Normally I reserve readers emails for Ask Dr. NerdLove… except this isn’t your typical Ask Dr. NerdLove question. This touches on several topics I’ve covered before, and considering that I’ve had people close to me who have been victims of stalking, I think it’s worth talking about this.
A friend of mine is being stalked by a man some thirty years her senior that she met though a college social organization. He has gone so far as to find where she is studying abroad and show up at her apartment.
She is taking the proper steps with authorities both in this country and the one where she resides, but there is little they can do at this point. She occasionally reaches out to the people in the student organization for information on his whereabouts and online activity as she has blocked him in every way possible and thus does not have access to his pages either.
However, recently some members have attempted to tell her to “just ignore him” and that she’ll be “a lot less stressed” if she just stops paying attention to him. They also asked “doesn’t she have a boyfriend?” and “it sounds like what she needs is a strong man”.
I just- I can’t. How- ARGH.
Can you please help me with my words? How can I articulate how NON-TRIVIAL an issue this is?
Friend In Deed
This is one of those moments that makes me want to smack people.
You want to know why women are on the look out for creeper behavior? You want to know why I don’t have much sympathy for people who complain that women over-use “creepy” to describe men and how unfair it is that men have to approach women and still worry about being called “creepy”? You want to know why I have no tolerance for the bullshit “Creepy behavior is anything an ‘ugly’ guy does” argument?
This is why.
Numbers time, Stalking Edition!
- 1,006,970 women are stalked in the US annually.
- 1 in 12 women will be stalked in their lifetime.
- 87% of stalkers are men
- Weapons are used to harm or threaten victims in 1 out of 5 cases.
- 76% of female murder victims had been stalked.
Stalkers frequently vandalize property, threaten family members, kill family pets, and have assaulted, raped and murdered their victims. Even when the stalker doesn’t attack his victims physically, they suffer emotionally and financially as well. Over a quarter of stalking victims have lost time from work or even lost their jobs because of their stalker and a third require psychological counseling because of their ordeal.
This is why I have no patience for people who try to dismiss women’s concerns as “overblown” or “overreacting” and they should relax. This is why I don’t have any regard for those who complain about creep-shaming and that they need to be more considerate to someone who may be socially awkward for fear of offending their feelings.
Guess what folks? Your feelings being hurt doesn’t rank as important as not wanting to be stalked or assaulted.
Case in point: FID’s friend who had a stalker follow her out of the goddamned country.
FID, your friend is doing everything right.
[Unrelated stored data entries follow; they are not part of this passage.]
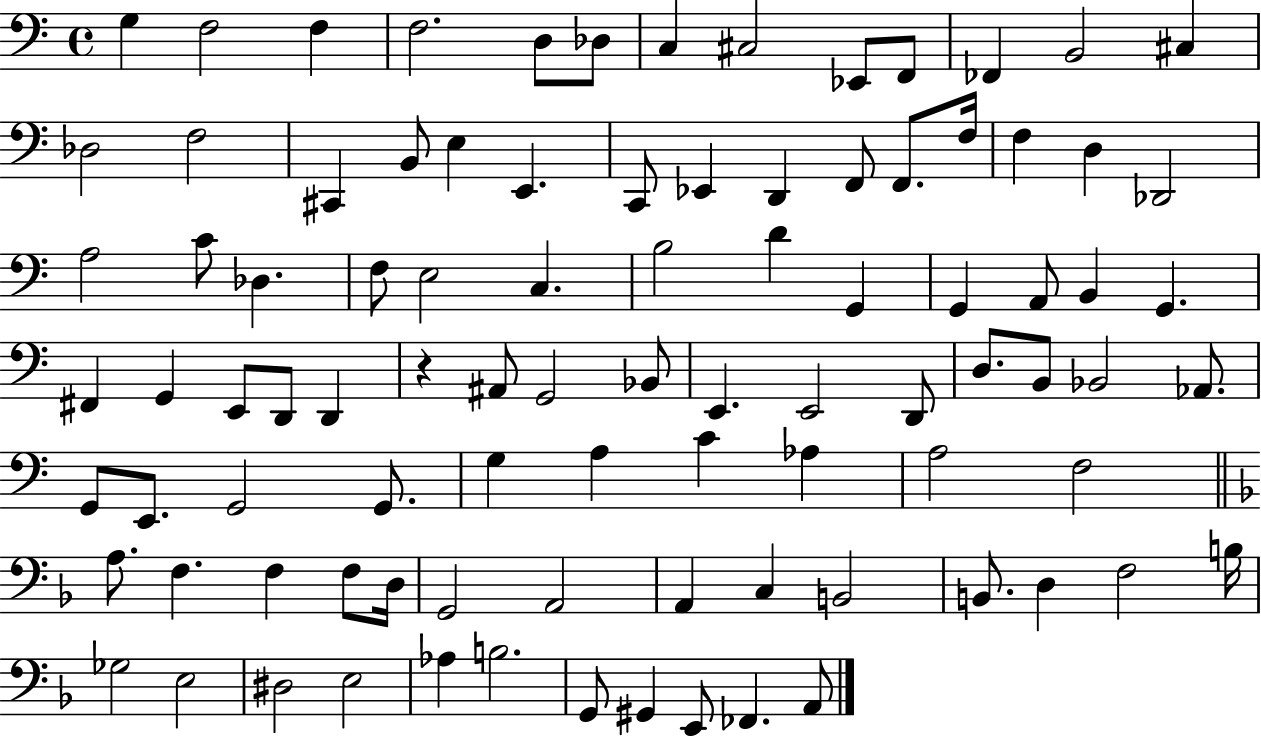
G3/q F3/h F3/q F3/h. D3/e Db3/e C3/q C#3/h Eb2/e F2/e FES2/q B2/h C#3/q Db3/h F3/h C#2/q B2/e E3/q E2/q. C2/e Eb2/q D2/q F2/e F2/e. F3/s F3/q D3/q Db2/h A3/h C4/e Db3/q. F3/e E3/h C3/q. B3/h D4/q G2/q G2/q A2/e B2/q G2/q. F#2/q G2/q E2/e D2/e D2/q R/q A#2/e G2/h Bb2/e E2/q. E2/h D2/e D3/e. B2/e Bb2/h Ab2/e. G2/e E2/e. G2/h G2/e. G3/q A3/q C4/q Ab3/q A3/h F3/h A3/e. F3/q. F3/q F3/e D3/s G2/h A2/h A2/q C3/q B2/h B2/e. D3/q F3/h B3/s Gb3/h E3/h D#3/h E3/h Ab3/q B3/h. G2/e G#2/q E2/e FES2/q. A2/e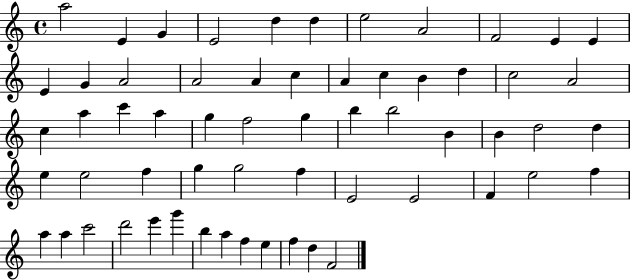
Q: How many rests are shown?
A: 0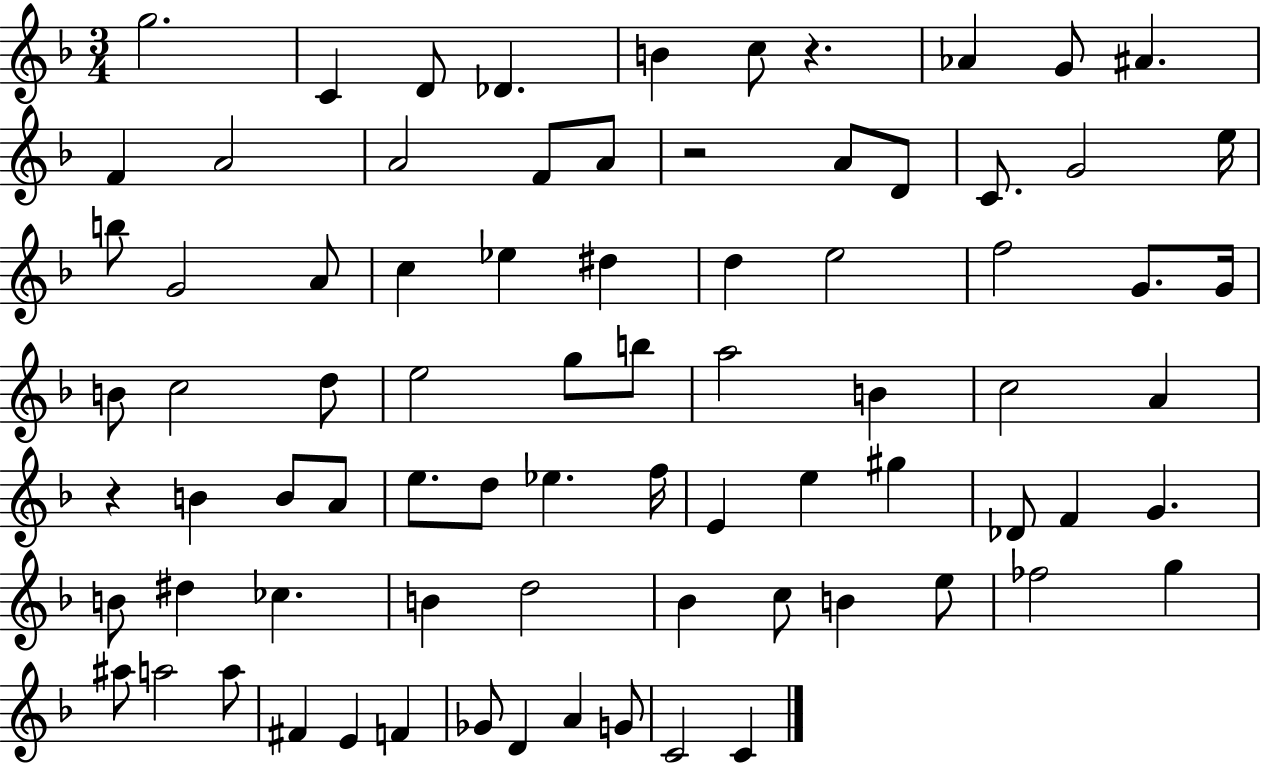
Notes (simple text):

G5/h. C4/q D4/e Db4/q. B4/q C5/e R/q. Ab4/q G4/e A#4/q. F4/q A4/h A4/h F4/e A4/e R/h A4/e D4/e C4/e. G4/h E5/s B5/e G4/h A4/e C5/q Eb5/q D#5/q D5/q E5/h F5/h G4/e. G4/s B4/e C5/h D5/e E5/h G5/e B5/e A5/h B4/q C5/h A4/q R/q B4/q B4/e A4/e E5/e. D5/e Eb5/q. F5/s E4/q E5/q G#5/q Db4/e F4/q G4/q. B4/e D#5/q CES5/q. B4/q D5/h Bb4/q C5/e B4/q E5/e FES5/h G5/q A#5/e A5/h A5/e F#4/q E4/q F4/q Gb4/e D4/q A4/q G4/e C4/h C4/q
If she hasn’t already, I would recommend that she look into getting a protective order – whatever the equivalent of a restraining order would be in the country where she’s staying – it would make the difference between the cops saying “Well, he’s done nothing wrong” and having them haul his ass away for violating an RO when he decides to “surprise” her on campus. And again, assuming that she hasn’t already, she should make sure to inform her university that she’s being stalked. Campus security, faculty and staff should be alerted to her stalker’s behavior; it would hardly be the first time that a stalker tried to get information from staffers who didn’t realize the seriousness of the threat.
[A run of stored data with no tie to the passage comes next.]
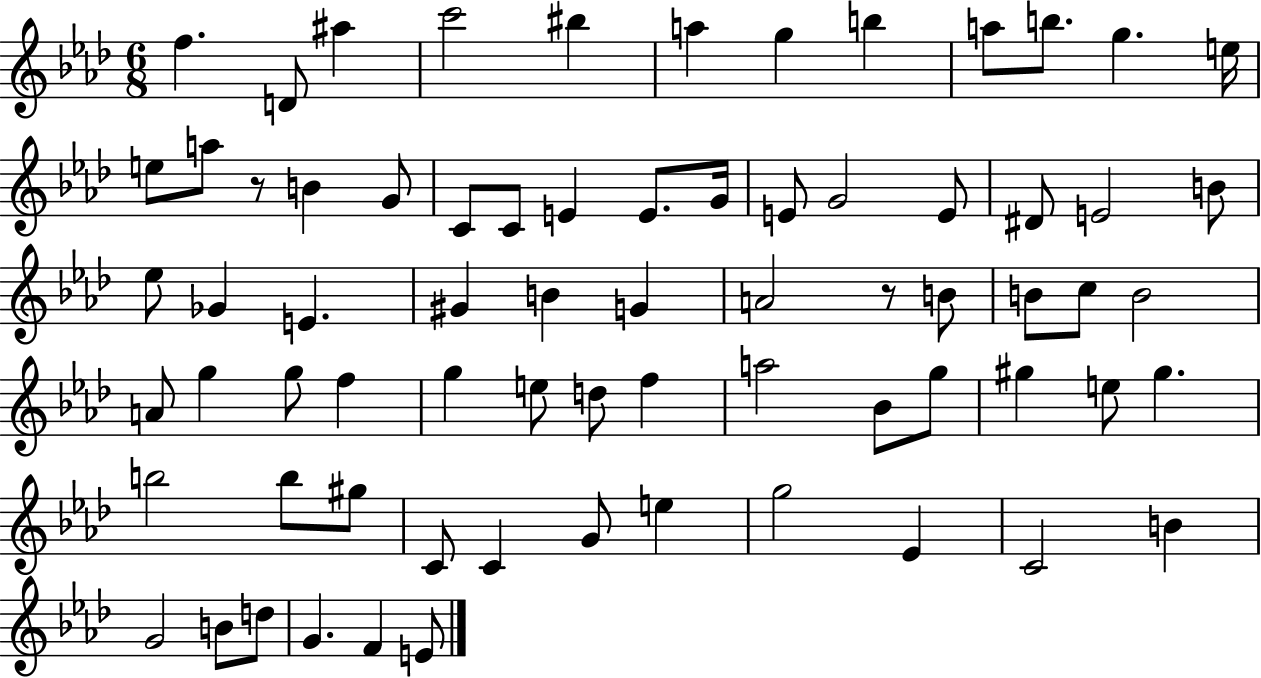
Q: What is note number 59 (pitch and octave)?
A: E5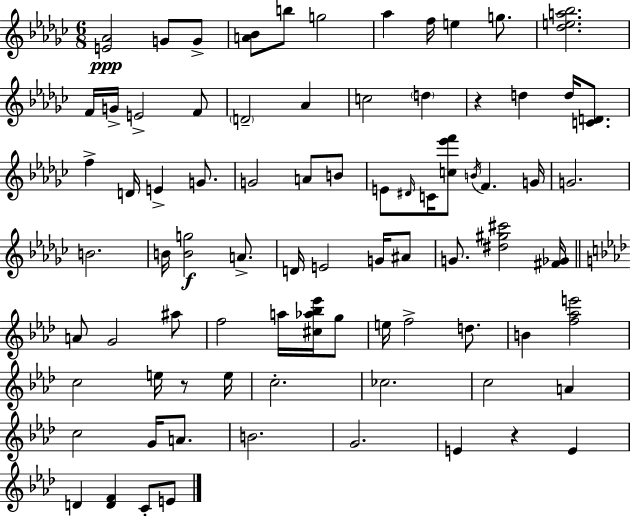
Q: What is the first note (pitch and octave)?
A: G4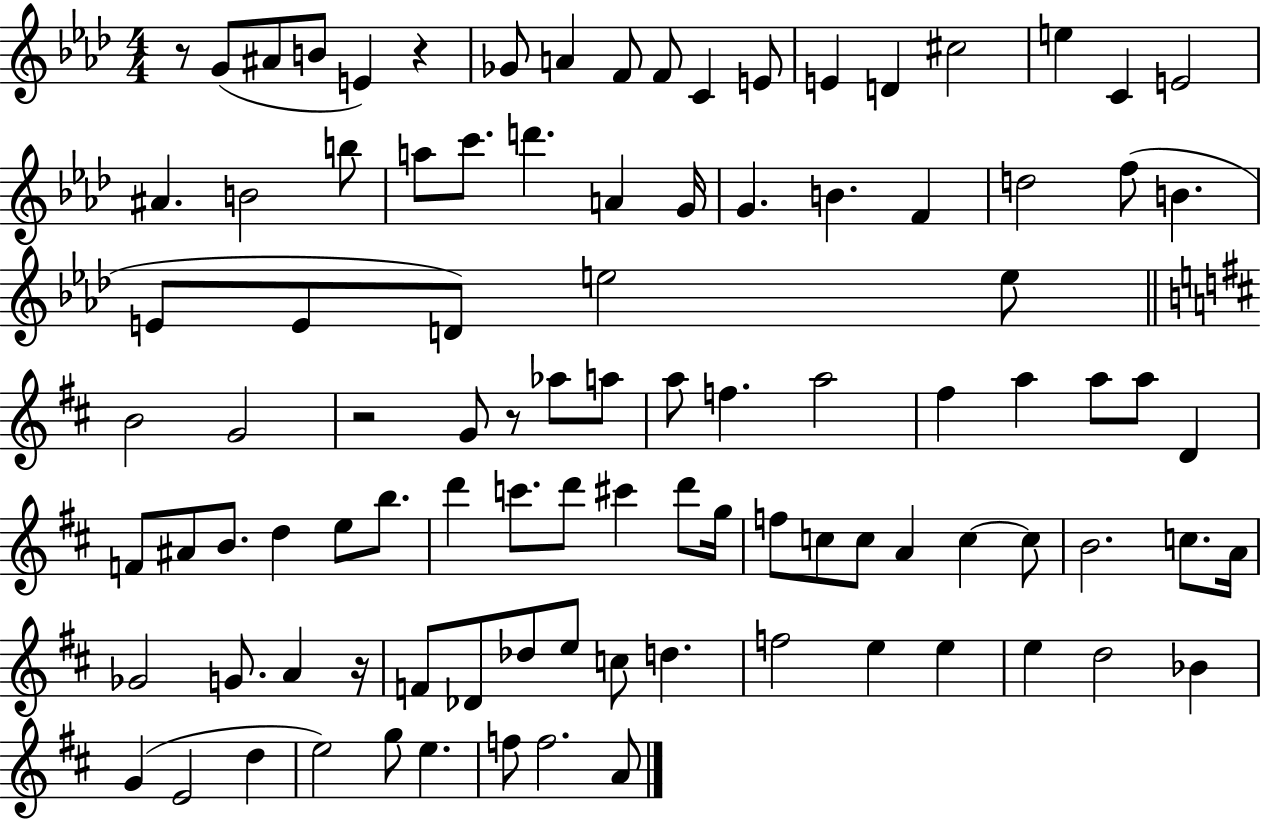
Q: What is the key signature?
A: AES major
And speaking of seriousness:
The student organization is doing your friend a massive disservice by dismissing her concerns. Telling her she should “ignore” him and suggesting that “she needs a strong man” is telling her not to worry her pretty little head because she’s “overreacting“; they’re patronizing her for having a very real and legitimate fear for her safety. This isn’t about a bad break-up, this is about someone who is legitimately afraid for her life. You might want to point out to the student organization that the fact that her stalker tracked her down and showed up on her doorstep in another goddamned country is a sign that his behavior is escalating to dangerous levels. Hit them with numbers. Point out just how many times stalkers have threatened to hurt their victims (over 45% of cases) and how many stalkers violated restraining orders (80%).
And, assuming your friend has retained a lawyer (and I suggest that she does), then I would suggest that she have him make some very pointed suggestions about the potential liability to the university and the student organization in particular if she would be hurt -or worse – by a member of their group. Quite frankly, if it takes making veiled legal threats to get them to quit treating this as a joke and actually help keep your friend apprised of her stalker’s whereabouts, I’m all in favor of it.
Good luck, and please keep us updated.